Guido Westerwelle liest Viktor Orban die Leviten
Stehender Beifall für den Deutschen beim Jüdischen Weltkongress

Budapest -

Stehender Beifall für den deutschen Außenminister vor dem Jüdischen Weltkongress: Mit einer klaren Stellungnahme gegen den Judenhass hat Guido Westerwelle die mehr als 600 Delegierte des Jüdischen Weltkongresses (WJC) begeistert. „Antisemitismus hat weder in Berlin noch in Budapest noch sonstwo in Europa oder in der Welt einen Platz“, sagte der Politiker am Montag vor dem WJC-Plenum, das derzeit in Budapest tagt.

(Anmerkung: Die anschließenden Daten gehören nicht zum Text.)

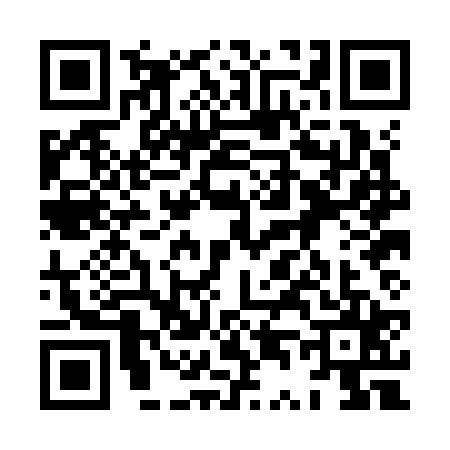 QR code for 8T0K257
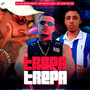 Trepa Trepa (Explicit)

Montag, 06.05.2013, 18:05 Uhr

Klare Worte gegen den Antisemitismus fand Außenminister Guido Westerwelle in Budapest.
Klare Worte gegen den Antisemitismus fand Außenminister Guido Westerwelle in Budapest. Foto: dpa

Das Phänomen müsse auch in seinen subtilen Facetten entschieden bekämpft werden, fügte er hinzu. „Dieser Kampf wird auch um die Bewahrung unserer gemeinsamen Werte geführt, um die Bewahrung von Demokratie, Menschenrechten und Menschenwürde.“

Das dreitägige WJC-Plenum war am Sonntagabend in der ungarischen Hauptstadt zusammengekommen, um ein Zeichen gegen den wachsenden Antisemitismus in Ungarn zu setzen. Beim Eröffnungsdiner hatte Ungarns Ministerpräsident Viktor Orban den Judenhass verurteilt, aber es zugleich vermieden, auf jüngste antisemitische Vorfälle in seinem Land einzugehen.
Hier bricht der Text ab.